Для подкрепления доводов Бакланова и Шенина в разговор включился Валерий Иванович Болдин. Будучи человеком вежливым и культурным, он начал было говорить, как было принято в нашем обществе, но Горбачев буквально перешел на лай и фактически не дал ему говорить.
Видя такую картину и понимая, что никто из моих коллег необходимой атмосферы создать не может (видимо, сказывалось влияние Горбачева, сложившееся за годы длительной совместной работы), я решил высказаться. Начал твердо, с напором. Горбачев притих. Уже позже, в том числе в своих воспоминаниях. Горбачев писал, что наиболее активно себя вел Варенников и что он якобы даже кричал на него. Действительно, активность мною была проявлена, однако не только потому, что Горбачев грубо оборвал Болдина. Меня возмутили демагогические заявления «лучшего немца», что, мол, вот он подпишет новый Союзный договор, а вслед за этим и ряд указов по экономическим вопросам, и тогда, дескать, жизнь наконец нормализуется, все встанет на свое место.
Это сейчас, спустя годы, кому-то может показаться, что во всем этом нет ничего особенного. Но ведь тогда такое звучало насмешкой: все валится, вся система государственного управления разрушена, никто никаких распоряжений или указов президента не выполнял, а Горбачев говорил об издании очередных указов, будто это что-то поправит. Единственное, что еще было подвластно ему, так это Министерство обороны (и, следовательно, Вооруженные Силы), Комитет государственной безопасности и (правда, с большой долей сомнения) Министерство внутренних дел. Но в день беседы и эти министерства, точнее, их руководители фактически выступили против его политики. А Горбачев продолжал рисовать радужные картины.
Конечно, меня это взорвало. Обращаясь к нему по имени и отчеству и фактически перебивая его, я сказал:
– К чему все это? Нам-то для чего вы все это говорите? Кто будет в стране выполнять указы президента? Они же сегодня ничего не значат! Идет война законов – в каждой республике «свои» законы выше законов центра. В этих условиях, конечно, требуется особое положение, строгий режим, который бы позволил встряхнуть всех и поставить каждого на свое место. Вот вам товарищи поэтому и предлагают ввести чрезвычайное положение там, где этого требует обстановка. В последнее время мне приходится очень много разъезжать по стране, решая острые проблемы Сухопутных войск, в том числе в связи с выводом наших соединений из Восточной Европы. Много встреч с офицерскими собраниями, семьями офицеров, с личным составом частей, а также с различными государственными органами и государственными организациями. Везде я стараюсь показать нашего президента в лучшем свете. Но когда мне в лоб ставят убийственные вопросы, которые сводят на нет все хорошее, что я говорю о президенте, – мне просто нечем парировать. Вот такие вопросы задают наши советские люди, в том числе воины, и в первую очередь офицеры…

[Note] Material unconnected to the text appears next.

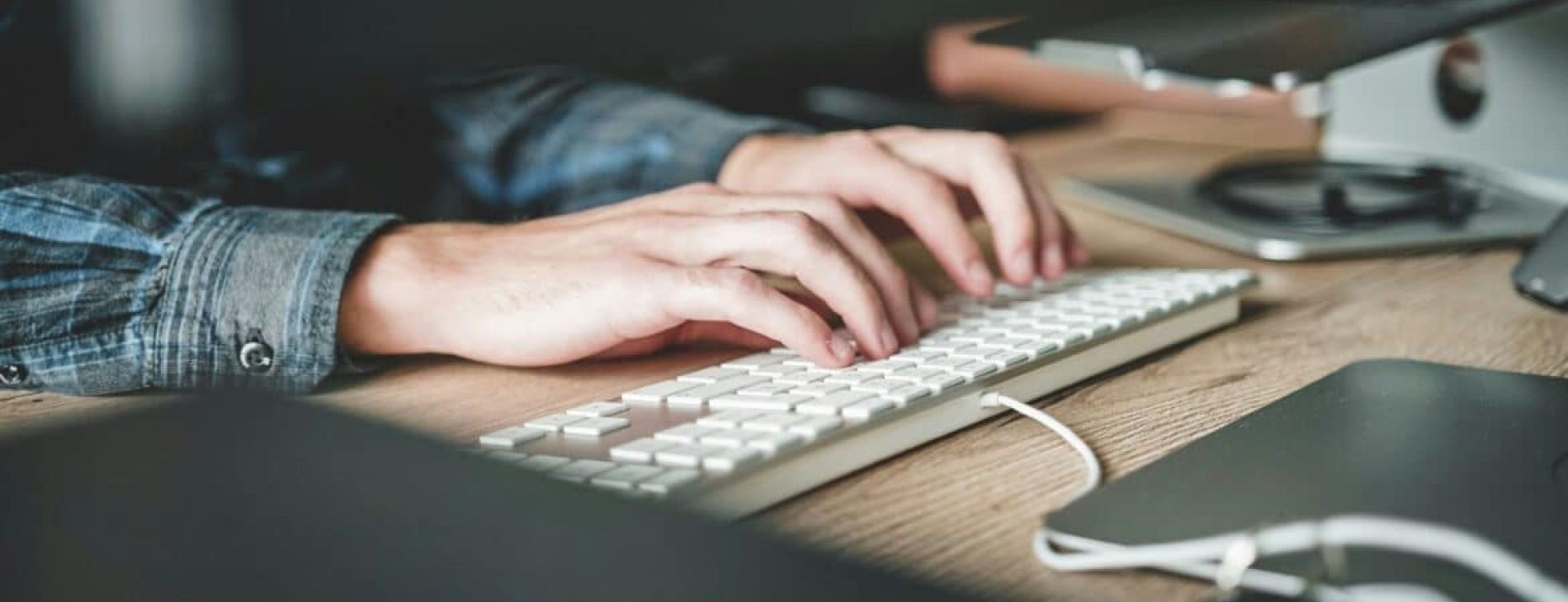 zan lazarevic X JsI 9Hl7o unsplash 1170x464 1 5a63bc9d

И далее я ему выложил все, что беспокоит наш народ, наш офицерский состав. Эти вопросы я повторю ему позже, в моей речи на суде. Поднятые мною проблемы и, несомненно, мой резкий тон на Горбачева подействовали существенно. Он слушал, не перебивая и опустив глаза, делал какие-то пометки и изредка посматривал на моих коллег. Но в глаза мне, к моему сожалению, не смотрел. Когда я закончил, он, сдерживая свое раздражение, тихо спросил: «Как ваше имя и отчество?» Я ему ответил. (Позже Горбачев будет писать, что, мол, он будто знал мое имя и отчество, но спросил об этом, чтобы подчеркнуть, как слабо он меня знает.) Память у него действительно была слабая, но в этом случае он врал умышленно, чтобы как-то меня уязвить. Дальше он продолжил: «Так вот, Валентин Иванович, это вам, военным, кажется, что все так просто сделать: ать-два! А в жизни все сложнее».
Тут я не выдержал и решил выложить ему все, без деликатностей – страна ведь гибнет! Он оторопел и замолк. А когда я сказал, что если он, Горбачев, не в состоянии управлять страной, то ему надо делать конкретные выводы – нельзя же ждать, пока все развалится. Но Бакланов и Шенин начали меня успокаивать. Подошел ко мне и Болдин. Горбачев тоже встал, дав тем самым понять, что встреча закончена.